Pandemic restrictions on Florida-based cruise ships will remain in place after a federal appeals court temporarily blocked a previous ruling that sided with a Florida lawsuit challenging the regulations.

The one-paragraph decision by a three-judge panel of the 11th U.S. Circuit Court of Appeals was filed at 11:50 p.m. Saturday, just minutes before a Tampa judge’s previous ruling on the U.S. Centers for Disease Control and Prevention restrictions was set to take effect.

The judges’ issuance of a temporary stay keeps the CDC regulations regarding Florida-based cruise ships in place while the CDC appeals the June decision by U.S. District Judge Steven Merryday.

The lawsuit, championed by Republican Gov. Ron DeSantis, claims that the CDC’s multiple-step process to allow cruising from Florida is overly burdensome, harming both a multibillion-dollar industry that provides some 159,000 jobs and revenue collected by the state.

A spokeswoman for DeSantis did not immediately respond Sunday to an email and a text message seeking comment. In court filing, attorneys for Florida urged the 11th Circuit to reject the CDC request to keep its rules intact for now.

“The equities overwhelmingly favor allowing the cruise industry to enjoy its first summer season in two years while this Court sorts out the CDC’s contentions on appeal,” Florida’s lawyers argued.
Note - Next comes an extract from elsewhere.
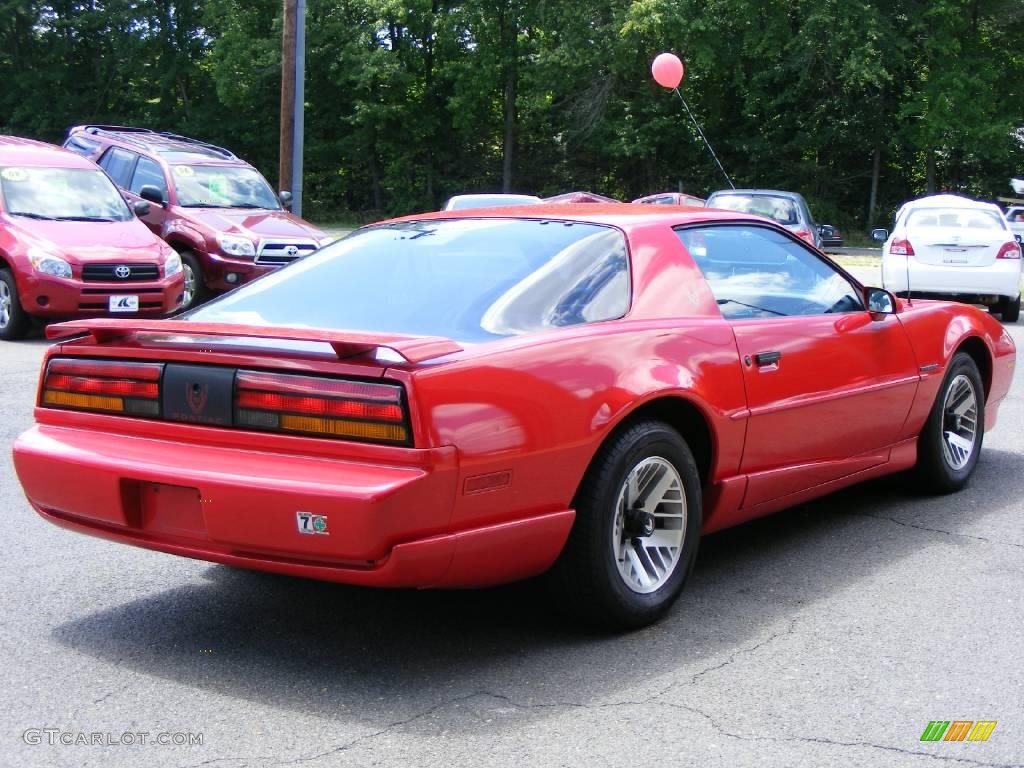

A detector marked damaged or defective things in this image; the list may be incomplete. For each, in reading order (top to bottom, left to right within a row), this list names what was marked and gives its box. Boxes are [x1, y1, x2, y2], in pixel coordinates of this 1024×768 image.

The CDC, however, said keeping the rules in place would prevent future COVID-19 outbreaks on ships that are vulnerable to the spread of the virus because of their close quarters and frequent stops at foreign ports.

“The undisputed evidence shows that unregulated cruise ship operations would exacerbate the spread of COVID-19, and that the harm to the public that would result from such operations cannot be undone,” the CDC said in a court filing.

The CDC first flatly halted cruise ships from sailing in March 2020 in response to the coronavirus pandemic, which had affected passengers and crew on numerous ships.

Then the CDC on Oct. 30 of last year imposed a four-phase conditional framework it said would allow the industry to gradually resume operations if certain thresholds were met. Those included virus mitigation procedures and a simulated cruise to test them before embarking regular passengers.

Merryday’s decision concluded that the CDC can’t enforce those rules for Florida-based ships and that they should merely be considered nonbinding recommendations or guidelines. Several cruise lines have begun preliminary cruises under those guidelines, which the Tampa judge agreed with Florida are too onerous.

“Florida persuasively claims that the conditional sailing order will shut down most cruises through the summer and perhaps much longer,” the judge wrote in June, adding that Florida “faces an increasingly threatening and imminent prospect that the cruise industry will depart the state.”

The 11th Circuit’s brief decision did not include any opinions from the judges, which the panel said would be released later. The decision noted that one appeals judge dissented.

Disney Cruise Lines held its first simulated sailing under CDC rules Saturday when the Disney Dream departed from Port Canaveral, Florida. The passengers were volunteer Disney employees.